I like to think that after this long, I have some idea about how to build a 13-session campaign. I ran three campaigns over five semesters in college, and the winter and summer breaks framed 13-session arcs well. Since then, I’ve run two summer campaigns over 13-week breaks, and I’m running another now. So with seven such stories under my belt, I’m starting to get into a storytelling pattern:

  • Before the campaign starts: “Okay, I know roughly what the story is about. But how to I get there? I mean, I have some framework for the middle of the campaign, but what’s the beginning? I have a set piece planned for the end, an epic encounter or fight to serve as the payoff before the final boss, but what if the players do something that makes it impossible? What if the players hate the plot altogether? Panic!
  • Week 1: “Let’s…throw out a short adventure leading obviously to a fight. People like that. And make it an easy fight, so everybody can see how they work together.”
  • Week 2: “They liked it! And with the seeds laid, I can take them to a lighter fight, or an exploration and investigation session.”
  • Week 3: “Alright, I need to start hinting at the general arc of the campaign. I’ll describe the general problem and see what they think about it.”
  • Week 4: “A harder fight, to show them that things are escalating, and a bit more plot progression. Let’s give them a few leads and see what happens.”
  • Week 5: “They figured out the plot too fast! Set piece in danger! Abort! Damage control! Panic!
  • Week 6: “Okay, disaster averted. They’re on some side plot now. It’s a few weeks earlier then I planned, but I can stretch this out, and they’ll probably do something interesting that can take the story in a new direction.”
  • Week 7: “So far so good. May be time for another session without combat, to give the plot more chance to grow.”

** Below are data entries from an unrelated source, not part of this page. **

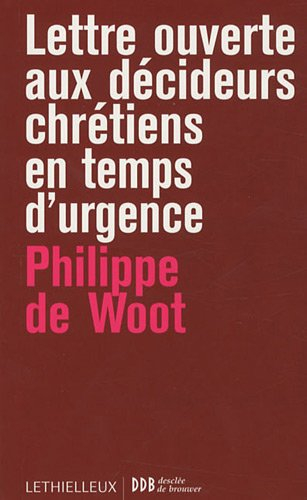 Lettre ouverte aux décideurs chrétiens en temps d'urgence : fragments de sagesse pour dirigeants d'e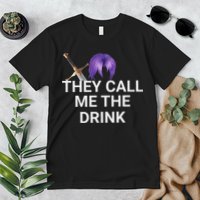 They Call Me The Drink Funny Meme Premium T-Shirt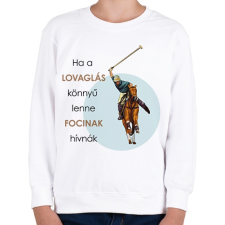 PRINTFASHION Ha a lovaglás könnyű lenne - Gyerek pulóver - Fehér gyerek pulóver, kardigán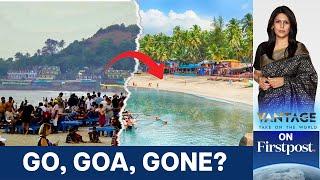 Is the Party Over for Goa? Why Are Tourists Ditching The State | Vantage with Palki Sharma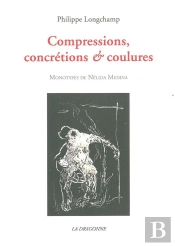 Compressions,Concretions Et Coulures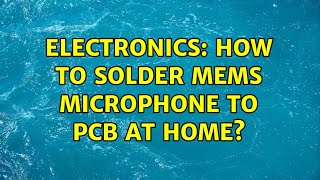 Electronics: How to solder MEMS microphone to PCB at home?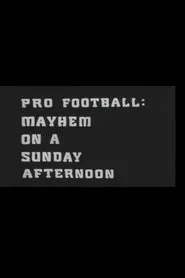 Poster do filme Pro Football: Mayhem on a Sunday Afternoon
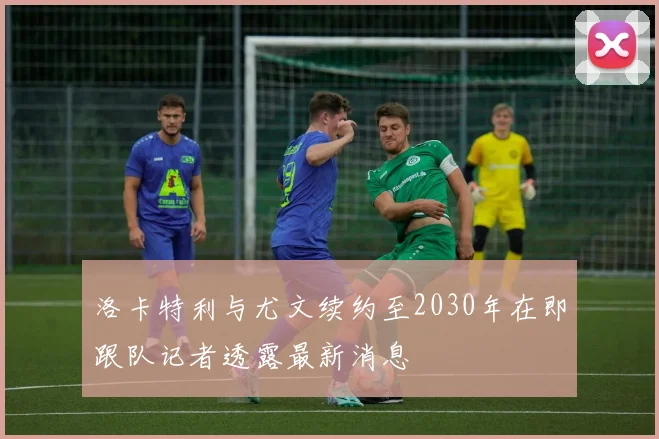 洛卡特利与尤文续约至2030年在即跟队记者透露最新消息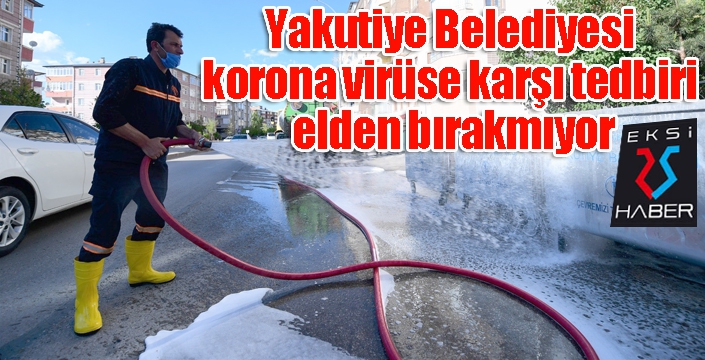 Yakutiye Belediyesi korona virüse karşı tedbiri elden bırakmıyor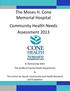 The Moses H. Cone Memorial Hospital Community Health Needs Assessment 2013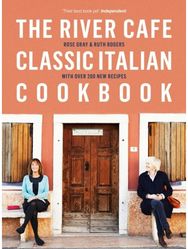 River Cafe Classic Italian Cookbook
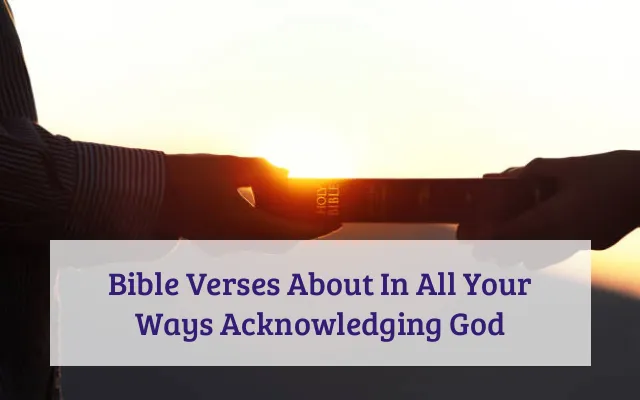 Bible Verses About In All Your Ways Acknowledging God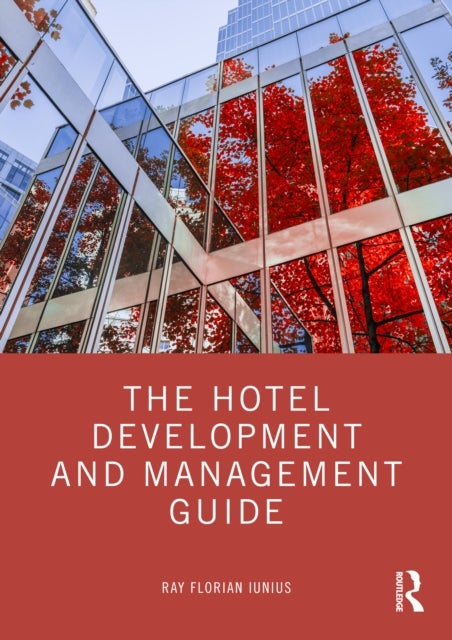 The Hotel Development and Management Guide
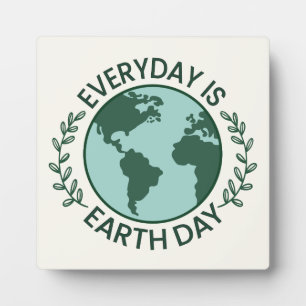 Everyday Is Earth Day - Vintage Green Earth Lover Plaque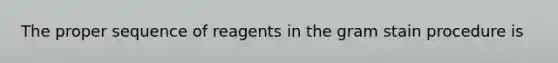 The proper sequence of reagents in the gram stain procedure is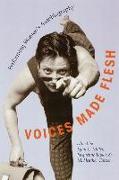 Voices Made Flesh: Performing Women'S Autobiography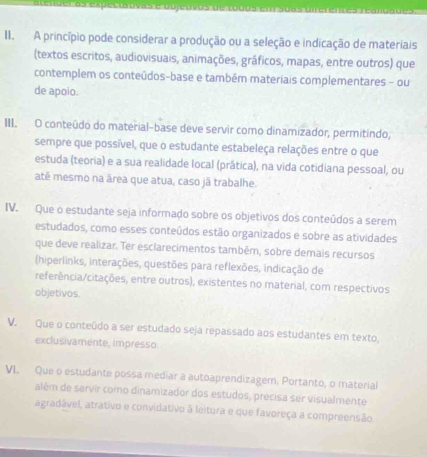 A princípio pode considerar a produção ou a seleção e indicação de materiais 
(textos escritos, audiovisuais, animações, gráficos, mapas, entre outros) que 
contemplem os conteúdos-base e também materiais complementares - ou 
de apoio. 
III. O conteúdo do material-base deve servir como dinamizador, permitíndo, 
sempre que possível, que o estudante estabeleça relações entre o que 
estuda (teoria) e a sua realidade local (prática), na vida cotidiana pessoal, ou 
até mesmo na área que atua, caso jã trabalhe. 
IV. Que o estudante seja informado sobre os objetivos dos conteúdos a serem 
estudados, como esses conteúdos estão organizados e sobre as atividades 
que deve realizar. Ter esclarecimentos também, sobre demais recursos 
(hiperlinks, interações, questões para reflexões, indicação de 
referência/citações, entre outros), existentes no material, com respectivos 
objetivos. 
V. Que o conteúdo a ser estudado seja repassado aos estudantes em texto, 
exclusivamente, impresso. 
VI. Que o estudante possa mediar a autoaprendizagem. Portanto, o material 
além de servír como dinamizador dos estudos, precisa ser visualmente 
agradável, atrativo e convidativo à leitura e que favoreça a compreensão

  • Week 8: “Side plot completed. Players are going back to main plot with enough information to solve everything three weeks early. Set piece will happen too fast! Panic!
  • Week 9: “I’ve changed the villain and/or master plot enough that the campaign can survive even if they solve everything next week, so I think we’re back on track again. I fully expect things to seem fixed next week, and then I’ll spring the escalation on them.”
  • Week 10: “The players failed to solve the campaign due to crippling failure and/or stupidity. The plot has taken a turn that will avoid the set piece entirely! Panic!
  • Week 11: “After recovery, the players are back where I expected them to be last week. I may have to rush things a little, but only a little, and everything is set up for the rest of the campaign.”
  • Week 12: “Set piece! I’ve been wanting to run this session since I started the campaign. Everything is perfect!”
  • Week 13: “…frick, I forgot that I needed to have an entire session before the final boss. And I’ll probably have to buff the final boss midway through the fight, so I’d better make the early fights a little easier. But what if they blow through them and the final boss? Panic!
  • The next day: “The campaign went great, and everybody seems reasonably happy. Except in going through my notes, I found a plot thread I forgot about it, or one I planned for that the players didn’t hit. That would have been fun. Ooo, I can add it to the set piece for the next campaign…”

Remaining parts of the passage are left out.